I've never taken much notice of Atli Örvarsson's music in previous films, but I was rather captivated by some of the motifs he used here; among them the exoticism in the Celtic bits and the quiet heroism in the Roman parts of it. By the way, this marks the first time Macdonald isn't working with his usual choice of composer, Alex Heffes.
Another thing worth commenting about: watch this film for a lesson in sound design. It is a very atmospheric film, which makes sense when you consider, for example, that there's fog in a lot of the scenes, and the ritualistic nature of the tribes, and the psychological terror that the tribes often successfully put the Roman soldiers through. The film should (though it won't) be considered for the Sound Mixing Oscar when that comes along. In particular I was impressed with the simple but highly effective choice during the climactic fight between Marcus and the Seal Warrior prince (played by Tahar Rahim of Un Prophète fame) to mute all sounds and leave only the harsh and intense clanging of the swords – one feels as if the stakes of each sword-strike and dodge are raised at that point.

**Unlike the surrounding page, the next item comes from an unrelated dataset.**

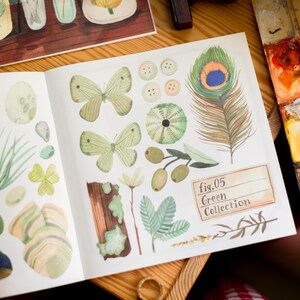 May include: A collection of green illustrations, including butterflies, a peacock feather, a leafy branch, and a mushroom. The illustrations are on a white page with the text "fig.05 Green Collection".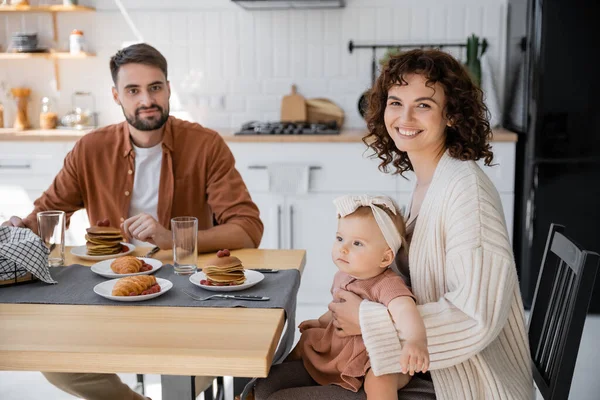 Allegra madre che tiene la figlia neonata e si siede a tavola con il marito durante la colazione — Foto stock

I didn't mind the accents. What seemed to be the choice here is to have the Americans play the Romans and the British play the Britons, which is no better and no worse than the stereotypical choice of having British accents for the Romans. Film critics made too much out of this non-issue. Also, for those who are expecting Gladiator: again, population and army sizes in this part of the world of that time are too small for grand battles, and to expect that would be as realistic as to expect a child to score 120 in his exams when the maximum score is 100.
Some slow moments in the second half of the second act, but I shan't complain; after all, the movie depicts many aspects of Roman Britain society (and does so reasonably accurately for a film adaptation, though I don't know for sure), and how often does one get to see that?